Gura started the season by teaching the basics to his JCA diaper dandies—one offense, one defense. He has watched his players develop to the point where now, after 11 games, they are comfortable employing three different defenses, running three different man-to-man offensive sets, a zone package and a press-breaker.
His mantra—more than ever—has been one of encourage, rather than discourage.
“I recall something that Coach (Bob) Knight said in 1977—my first year at Lockport,” Gura said. “I was at a clinic. He was the speaker. And he said, ‘You’re not coaching against your opponent. During a game, what you’re coaching for is how your kids perform. Is your team performing what you want?'
“Who you play and what they play will take care of itself. Never were Coach Knight’s words truer than this year. Because I have to concentrate on what my kids are doing. I don’t show them the films of other teams. I show them the films of us and what we did and what we didn’t do.”
The films show JCA is making slow, steady progress. Senior Ryan Peter is averaging 12.5 points and 7.6 rebounds. Elias James is shooting at a 52.3 percent clip. And Shakar Washington had dropped in 10-of-33 from three-point range.

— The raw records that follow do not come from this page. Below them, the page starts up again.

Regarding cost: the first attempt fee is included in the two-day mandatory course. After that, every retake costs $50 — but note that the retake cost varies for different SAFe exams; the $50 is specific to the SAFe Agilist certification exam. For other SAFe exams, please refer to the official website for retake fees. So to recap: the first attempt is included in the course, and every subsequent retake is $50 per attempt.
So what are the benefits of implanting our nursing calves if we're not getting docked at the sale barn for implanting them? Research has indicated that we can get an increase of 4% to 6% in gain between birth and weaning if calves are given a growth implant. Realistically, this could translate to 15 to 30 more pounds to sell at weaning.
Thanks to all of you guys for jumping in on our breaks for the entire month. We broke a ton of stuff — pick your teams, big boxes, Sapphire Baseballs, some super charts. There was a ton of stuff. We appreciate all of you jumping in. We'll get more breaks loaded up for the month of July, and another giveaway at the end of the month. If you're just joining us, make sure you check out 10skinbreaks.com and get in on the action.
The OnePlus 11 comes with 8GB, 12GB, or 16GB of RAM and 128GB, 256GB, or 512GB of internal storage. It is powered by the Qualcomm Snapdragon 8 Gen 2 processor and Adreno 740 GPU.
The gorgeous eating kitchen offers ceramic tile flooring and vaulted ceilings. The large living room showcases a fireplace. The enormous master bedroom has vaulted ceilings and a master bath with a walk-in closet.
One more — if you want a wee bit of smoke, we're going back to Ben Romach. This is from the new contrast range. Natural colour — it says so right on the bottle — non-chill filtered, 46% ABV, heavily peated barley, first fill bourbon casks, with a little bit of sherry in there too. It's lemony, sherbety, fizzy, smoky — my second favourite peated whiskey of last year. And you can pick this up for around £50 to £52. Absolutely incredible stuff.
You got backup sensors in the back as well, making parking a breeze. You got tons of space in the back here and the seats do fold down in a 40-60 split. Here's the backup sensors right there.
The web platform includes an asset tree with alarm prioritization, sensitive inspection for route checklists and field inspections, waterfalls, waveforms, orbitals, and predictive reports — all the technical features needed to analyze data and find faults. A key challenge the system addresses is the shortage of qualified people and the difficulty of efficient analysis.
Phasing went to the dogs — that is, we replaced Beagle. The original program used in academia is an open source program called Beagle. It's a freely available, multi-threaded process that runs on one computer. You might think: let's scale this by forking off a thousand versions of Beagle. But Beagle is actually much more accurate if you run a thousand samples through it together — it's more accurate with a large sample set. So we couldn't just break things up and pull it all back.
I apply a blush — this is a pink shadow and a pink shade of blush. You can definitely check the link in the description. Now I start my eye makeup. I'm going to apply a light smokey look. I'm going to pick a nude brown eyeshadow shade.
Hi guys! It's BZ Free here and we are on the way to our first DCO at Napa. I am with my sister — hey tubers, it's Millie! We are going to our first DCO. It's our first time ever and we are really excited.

The Hilltoppers were within six points against St. Patrick in the third quarter and had an open look on a three-ball that could have cut the margin in half. They lost 66-37. The Hilltoppers played Nazareth Academy, a team with a 7-footer, to a 48-41 standstill. And the Hilltoppers limited Minooka to 43 points.
The losses sting, to be sure.
Peter poured in 23 points and grabbed 11 rebounds in a 62-47 victory over IMSA. He coaches his teammates to remain upbeat and to keep a proper perspective. He follows Gura’s lead on both counts.
“Sometimes, I get a little annoyed because we’re playing and he stops and talks and then you think about it,” Peter said. “He talks about the game and then he talks about growing up and being a better person. Basketball is big deal. But, life in general, that’s a huge deal. It’s the biggest deal.”
Washington is one of the few elder statesmen on the JCA roster. The senior guard has come to know Gura as a demanding coach—and respects him for they way he goes about his job. Washington knows Gura as Mr. Business on the basketball floor.
“He’s very intense,” Washington said. “I think it helps everyone on the team because everyone follows his detail and his plan. He makes sure you understand the play to all of its intricacies. The young guys are new to the varsity level. He’s saying things to everyone but working to help them develop their game.”
When he leaves JCA, Gura won’t work again.
“My goal—this is my last stop—I live five blocks away,” he said. “My teaching situation is wonderful. They treat me better than I deserve here. My goal is to build this program up and four or five years down the road—whenever I’m done—have the program intact and have a successor intact and have it smooth-running so Catholic High basketball never goes back to the dark ages.”
When that is accomplished, Gura will be recognized as Coach of the Year. Again.
The shame of it all is he deserves to win that type of recognition here and now.